Along with a colleague from a rival newspaper, Mr. Fineman was arrested in 1974 and charged with disorderly conduct after attempting to eavesdrop on a meeting of the local Fraternal Order of Police. A judge directed a verdict of not guilty.
Their publisher denounced their activities as “morally wrong,” Time magazine reported, but praised their “vigorous enterprise and competitive spirit.”
Mr. Fineman worked in the Courier-Journal’s Washington bureau before joining Newsweek. He played a role in the collapse of the 1988 Democratic presidential campaign of Gary Hart, a former U.S. senator from Colorado who withdrew from the race amid revelations of marital infidelities.
Hart had long been trailed by rumors of womanizing, but a 1987 Newsweek profile by Mr. Fineman — which quoted a former adviser as saying that “he’s always in jeopardy of having the sex issue raised if he can’t keep his pants on” — renewed interest in the matter by other national journalists and opposing candidates. (The adviser later walked back his comment, saying it was “contrary to the actual facts as I know them.”)

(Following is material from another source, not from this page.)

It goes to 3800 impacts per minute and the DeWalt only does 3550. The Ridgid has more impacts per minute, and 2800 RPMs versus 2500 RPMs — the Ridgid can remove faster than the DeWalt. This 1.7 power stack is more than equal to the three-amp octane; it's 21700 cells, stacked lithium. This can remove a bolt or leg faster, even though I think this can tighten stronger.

The Post sold Newsweek in 2010 amid drastically declining circulation. Shortly after the sale was announced, Mr. Fineman joined what is now HuffPost, then an upstart in digital journalism, where he remained until 2018. He later wrote for the NBC and MSNBC websites as well as other outlets.
In 1984, he married Amy Nathan. Besides his wife, of Washington, survivors include two children, Meredith Fineman of Los Angeles and Nick Fineman of Manhattan; and a sister.

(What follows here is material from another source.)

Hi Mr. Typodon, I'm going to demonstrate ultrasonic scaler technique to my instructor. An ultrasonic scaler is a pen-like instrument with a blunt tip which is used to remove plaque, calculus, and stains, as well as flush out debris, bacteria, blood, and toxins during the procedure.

Mr. Fineman was the author of the book “The Thirteen American Arguments: Enduring Debates That Define and Inspire Our Country” (2008).

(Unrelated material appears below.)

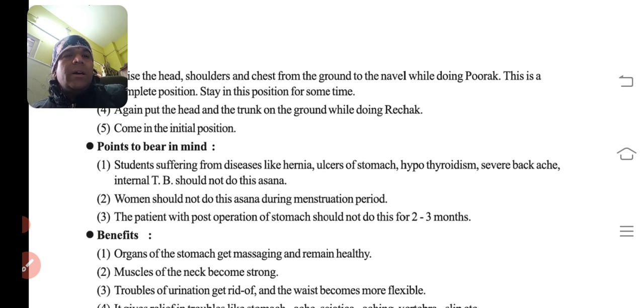Precautions: students suffering from diseases like hernia, ulcers of the stomach, hypothyroidism, severe backache, or internal TB should not do this asana. Women should not do this asana during the menstruation period. Patients with post-operation of the stomach should also not do this asana for two to three months.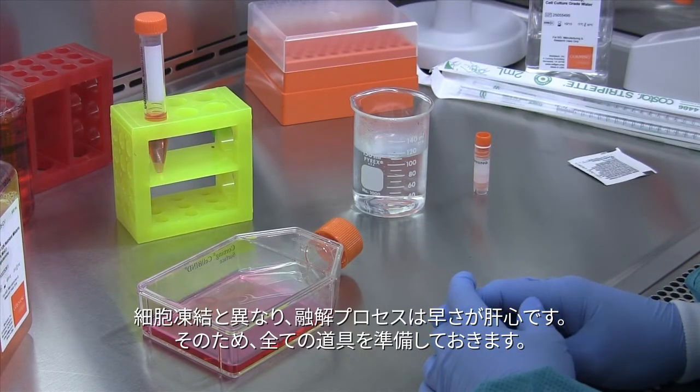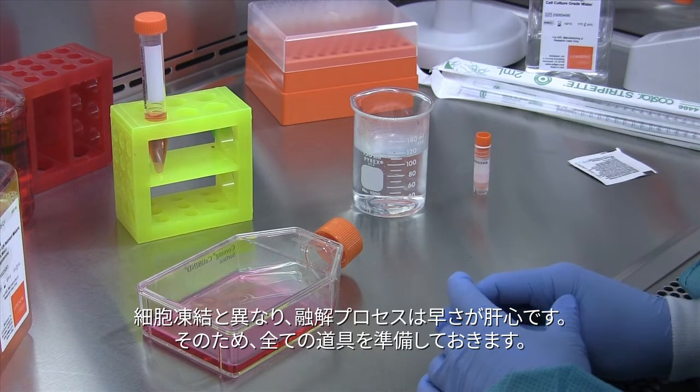Unlike freezing down your cells, thawing out your cells is a rapid process. Therefore you want to have all of your supplies ready.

Although he frustrated politicians at times when he analyzed their weaknesses or expressed doubts about their prospects, Mr. Fineman earned their respect — even, perhaps, a form of friendship.
During the 2000 campaign for the Republican nomination for president, Sen. John S. McCain of Arizona denounced Mr. Fineman on the radio program “Imus in the Morning” as one of Washington’s “gasbags” after Mr. Fineman accurately predicted that Bush, and not McCain, would be the ultimate victor.
Mr. Fineman, who was listening to the program, called in to say McCain had a “great shot.” The notoriously hot-tempered McCain was mollified and later jokingly sent Mr. Fineman a pair of red boxing gloves, proposing that they settle their differences on pay-per-view.